Opinion. Holder of no degrees in Economics.
Decades ago, in ever-obscure literary criticism, the idea arose that the surest way to an honest insight into a novel or play or poem is to read it without knowing the identity of its author. “Surest way” means many things, including the idea that authorial anonymity might force the reader to independence instead of bowing to received “wisdom”; that name-reputation is often inflated; that the art should be judged on its own because neither Freud nor anyone else has understood the psychology of creators. (Dostoevsky was an epileptic but no other epileptic wrote such prophetic novels.) There are ironies, e.g., it would be difficult not to recognize some authors outright by their writing styles.
But you’d be right to say that today the opposite critical (so-called) approach reigns.
Given our anonymous thinker’s need to be crisp in giving an interview that will later inform a printed article widely circulated, and being assured I’ll identify the speaker and the article below, consider the following grand explanation of the Great Recession (AKA in wonkdom “The Great Contraction”) by an Influential:
“‘I think crises like this get made by multiple cascading misjudgments,’ (our speaker) explains, and then catalogs them: too much government spending, not enough private-sector saving, too much dependence on foreign debt, too much demand for ‘riskless’ financial instruments that weren’t in fact riskless…

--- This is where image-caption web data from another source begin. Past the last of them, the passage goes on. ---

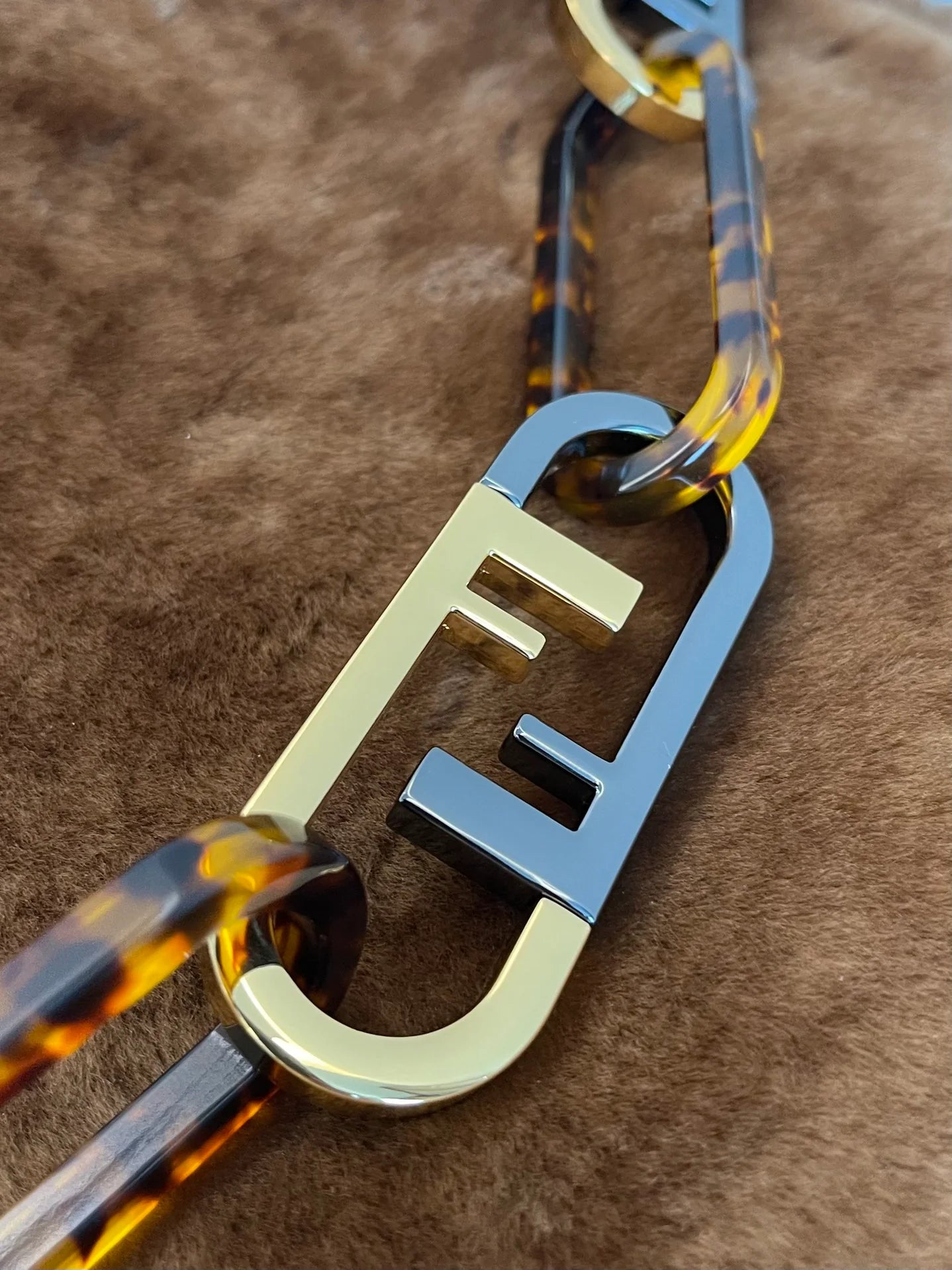 FENDI BAG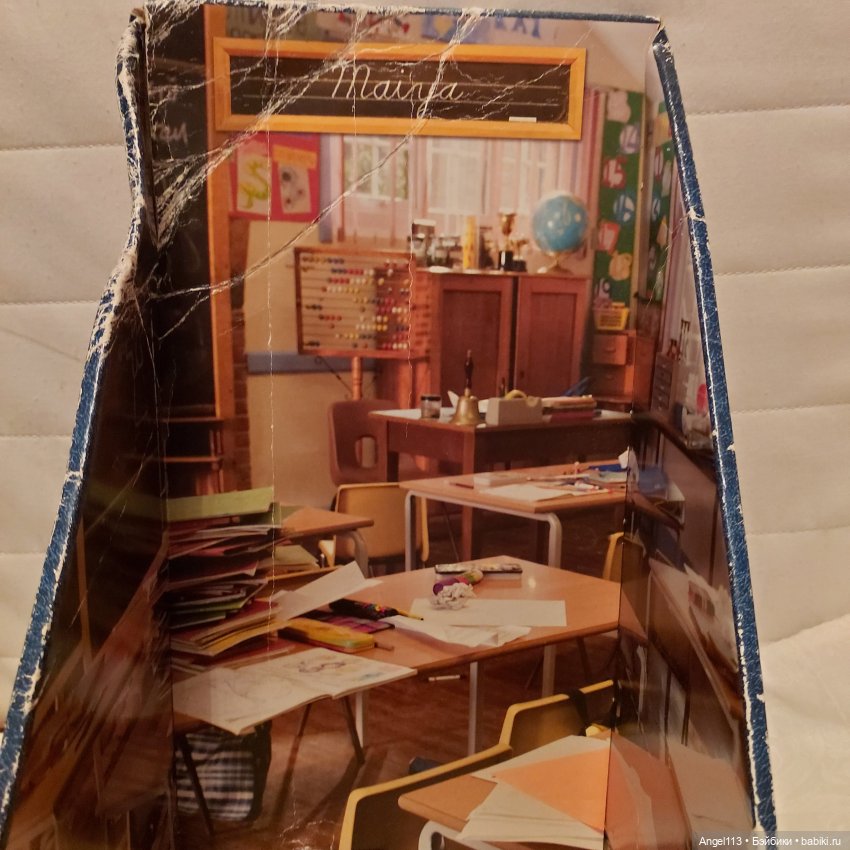 Мягкие игрушки MEERKOVA (сурикаты) (фото 6)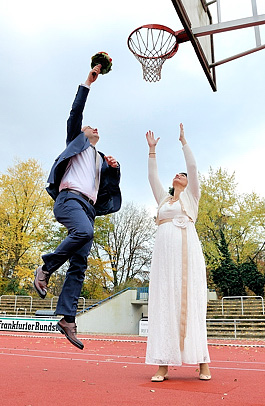 © 2014 manuela bickel & ralf bickel
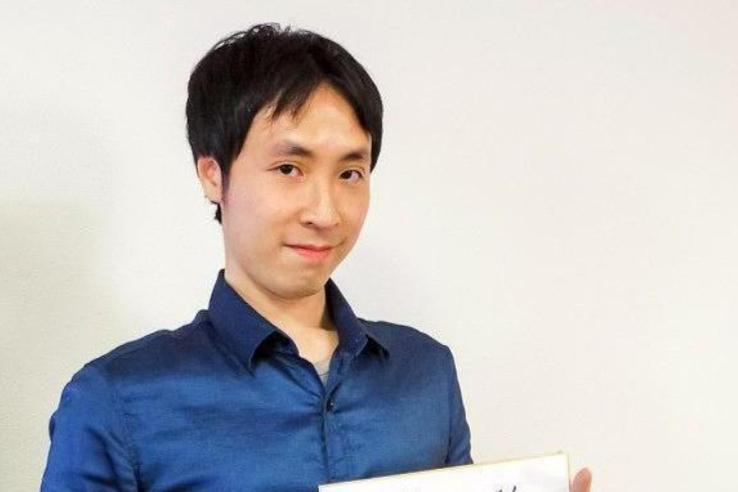 文晔星(中国演员、模特)_搜狗百科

“By the time (our speaker) is finished, (that speaker) is barely breathing, the words are tumbling from (the speaker’s) mouth so quickly. But then (our speaker) sums it all up in (that person’s) trademark way of making the complexities of economics and finance comprehensible to mere mortals: ‘The classic stories about markets are where, if the market for wheat goes down, people plant a little wheat. People demand to eat a little more bread, and the thing self-stabilizes. But it was (economist John Maynard) Keynes’s central insight that it’s not always that way. And it’s not always that way in particular because leverage (i.e., borrowing) can create situations where, when prices fall, then people have to sell, and so they fall faster. When asset prices fall, capital values fall, and, therefore, other people are forced to sell. And there’s a whole set of these vicious cycles. You can also have a change in gestalt where people who had perceived things as safe all of a sudden move things from the concept of being safe to the concept of being risky, and if they’re risky, they don’t want to hold them. And so you see a large scale of abandonment. And I think in one way or another the leverage, the vicious cycle, the change in gestalt, the unwinding–that’s the financial crisis.'”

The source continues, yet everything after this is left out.